More generally, if creating the right type of social networks helps people get on in life, shouldn’t the state seek to help people build such links? Experts in “social capital” theory have pushed this for years, to little practical effect. But they do have a point: governments should try to build new social systems that support social ties, and design policies to take them into account.

How might this work? Families with young children, if they had better social links, could save money on childcare by relying on friends, or band together to hold schools to account, or even set up their own. Why then should schools, or Sure Start early years centres, not try to introduce more parents to each other? Elsewhere, we know that prisoners who keep good social links to the outside world find it easier to rehabilitate. So helping them keep in touch with people outside should be a specific aim. Even if some prisoners do use Facebook to misbehave, or to influence others, the decision by the justice secretary Jack Straw in February to ban some prisoners from using the site was probably a move in the wrong direction.

Why stop here? Networked policies won’t solve the budget crisis, but they could help spark some new types of growth to help us out of recession. Business innovation is strongly influenced by the network structure of project teams and by communication between trading partners or scientists. Policies could tap into this, just as they could try to set up new social norms for domestic energy conservation.

Perhaps the most exciting prospect is ending social isolation. In 2009 Geoff Mulgan, head of the Young Foundation think tank, launched a report arguing that Britain suffers from a quiet epidemic of loneliness.
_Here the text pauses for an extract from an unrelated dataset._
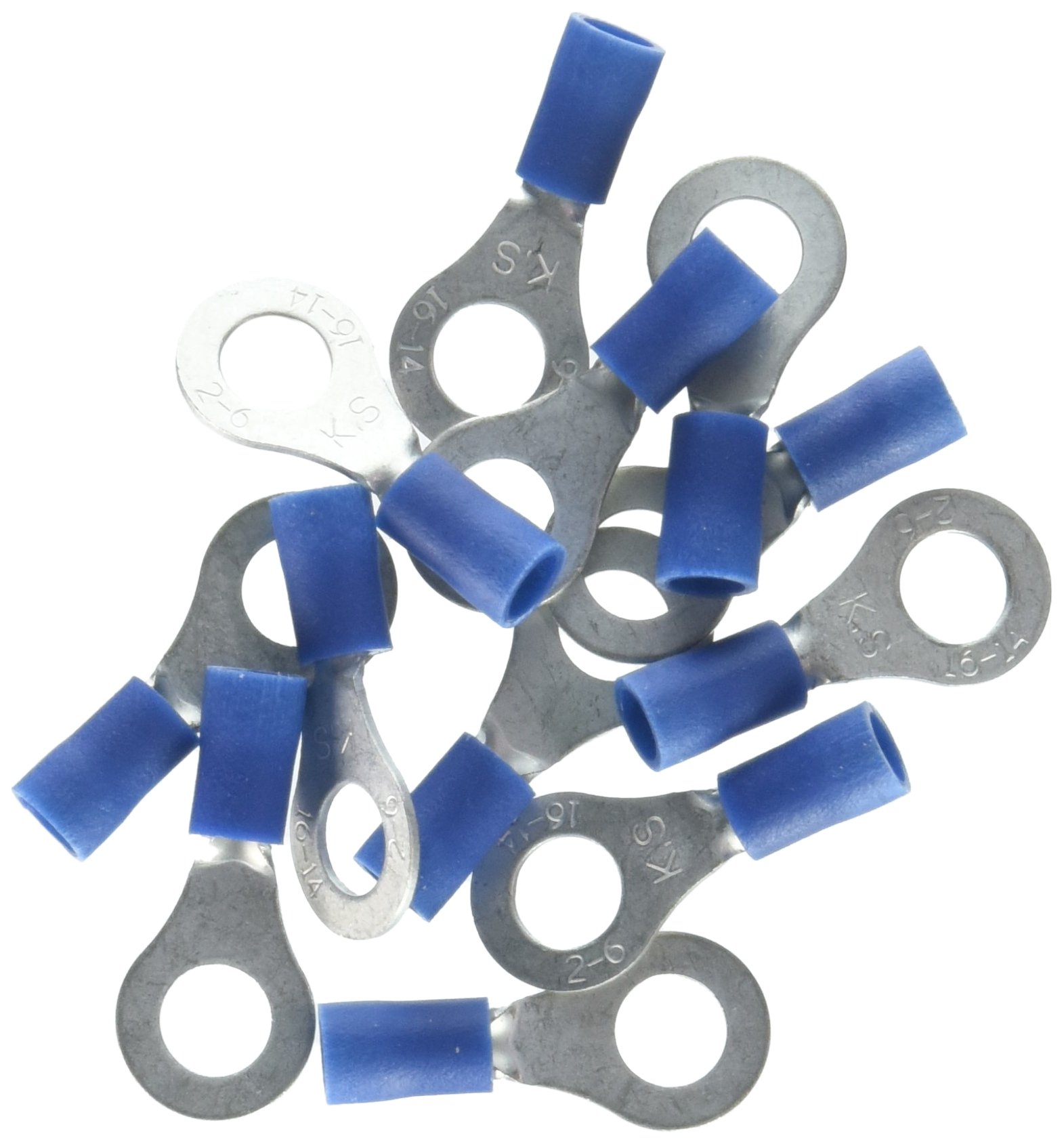 Dorman 85409: 16-14 Gauge Ring Terminal, 1/4 In., Blue 1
He noted that 500,000 British pensioners spend Christmas alone. In the US, researchers have asked people whom they like to spend free time with, or discuss personal matters. It turns out that the average American has 4.3 such social contacts (including spouses, siblings and friends), but over 4 per cent of adults—or perhaps as many as 10m people—report having not one such person. A comparable figure for Britain would suggest that more than 2m people are chronically alone.
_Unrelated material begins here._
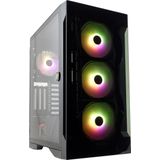 TALOS E2 ELITE - Mid-Tower Behuizing - Zwart - Gehard Glas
Other research shows that being friendless, or even just being part of a poor network, can exact a shocking toll: a teenage girl whose friends do not get on with each other is more likely to contemplate killing herself than a second girl whose friends do like each other—regardless of how well she gets on with them, or who the friends are.

All of this suggests that new, network-infused policies can help governments unpick pressing problems on a tight budget. They might even help to bridge the divide between left and right. Conservatives have traditionally concerned themselves with individual freedoms, while social democrats have worried about the wellbeing of social groups. Network science shows such a distinction to be at least overly simplistic. Shine a light on how individuals assemble into groups and you’ll also see how group membership affects individuals. Taken together, this might not just improve policy and save money, but help our politicians to be more persuasive—in the right sort of way.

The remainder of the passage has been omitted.